However, Prime Minister Theresa May has accused Ms Sturgeon of “playing politics with the future of our country”.
On Tuesday, The Courier contacted a cross section of residents, community leaders, businesses and educational establishments across Tayside and Fife to find out what they think.
In January 2014, St Andrews University was the venue when Ms Sturgeon, who was then the Deputy First Minister, fired the Scottish Government’s first major salvo of the 2014 independence with a keynote speech.
Scotland’s oldest university was also central to the Brexit debate in November when, during her installation address, new Principal and Vice-Chancellor, Professor Sally Mapstone, described the university’s relationship with Europe as “fundamental to our origins” and warned that any weakening of the intellectual, cultural, and political contact and collaboration with the EU would lead to “an impoverishment way beyond the financial”.

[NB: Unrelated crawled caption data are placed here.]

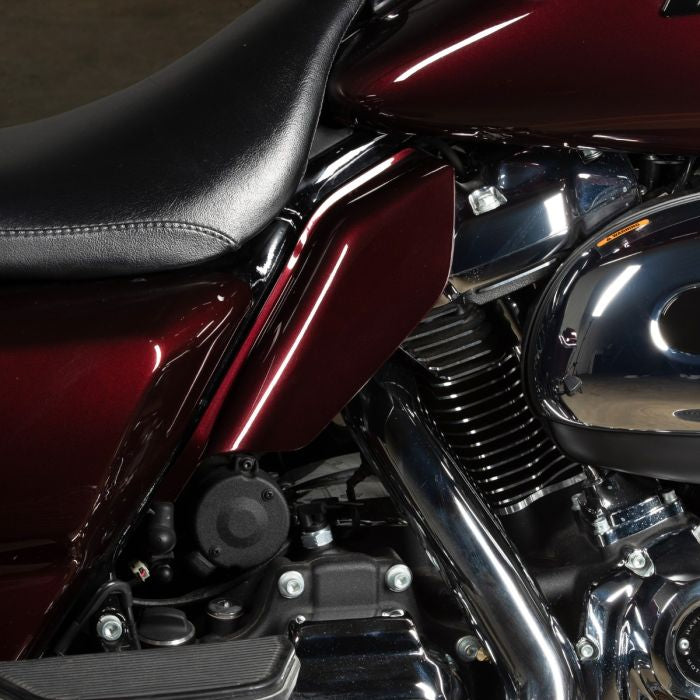 Color Match Harley® Touring Mid-Frame Air Deflectors from HOGWORKZ on a twisted cherry bike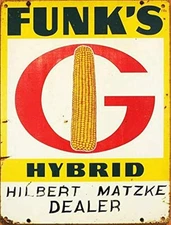 Tin Metal Signs Funk's G Corn Hybrid Feed Seed Farm Barn Wall Plaque Bar Res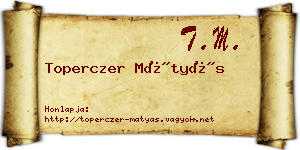 Toperczer Mátyás névjegykártya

St Andrews University would not be drawn on whether it thought indyref2 was good or bad.
However, a university spokesman said:“We are confident that our strong international outlook, commitment to the highest quality of teaching and research and highly supportive alumni network will ensure St Andrews remains a beacon for the strengths of Scottish higher education.
“As one of the country’s leading universities, we are already closely engaged with the Scottish and UK Governments.

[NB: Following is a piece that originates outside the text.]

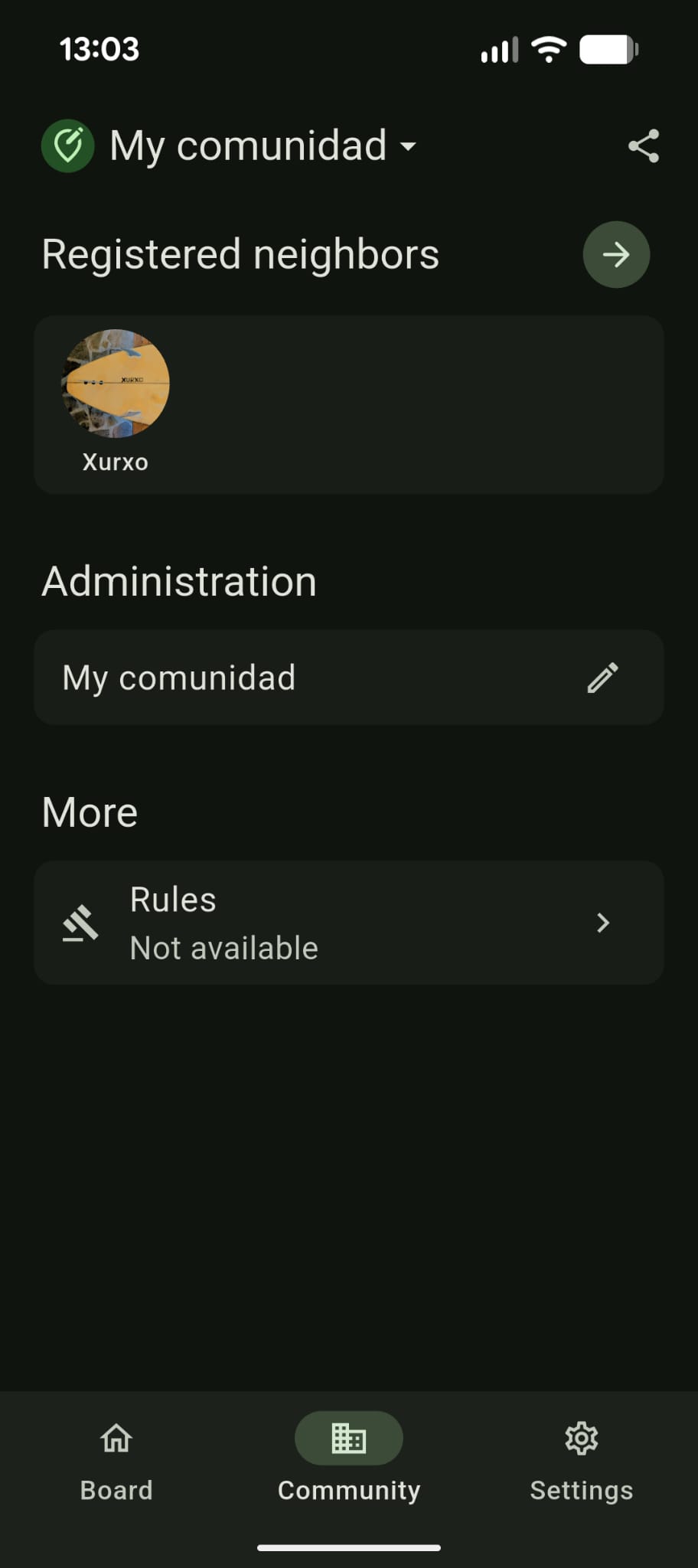 Screenshot of the app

“We look forward to seeing the detailed proposals of each concerning Scottish independence and Brexit and will support and contribute to open debate on these important constitutional matters.”
Dundee University said that when the public face a choice of this magnitude there is a “clear need for universities to be places where the issues can be debated from an informed perspective.”
A spokesman said: “We will continue to impress upon politicians of all persuasions that the Scottish higher education sector has enormous strengths and brings tremendous value to the country.
“We hope their constitutional aims and ambitions will support it.”
In the East Neuk, the Fishermen’s Mutual Association (Pittenweem,) Ltd is the co-operative for the crews of 18 prawn and 15 creel boats which operate out of Pittenweem.
The industry is a shadow of what it once was but is still worth around £3.5 million per annum to the local economy and employs almost 70 people, including shore jobs.
An FMA spokesman said that he believed the majority of local fishermen would have voted for Scottish independence in 2014.
However, he said that if it was now a condition of independence that Scotland should remain in the EU, he thought the majority would now vote to stay within the UK if this meant they were able to retake control of British fishing waters.
Gordon Henderson is the Federation of Small Businesses’ Senior Development Manager in Scotland and is responsible for lobbying on behalf of the organisation’s 4500 members in the East of Scotland region – including 1200 members in Fife.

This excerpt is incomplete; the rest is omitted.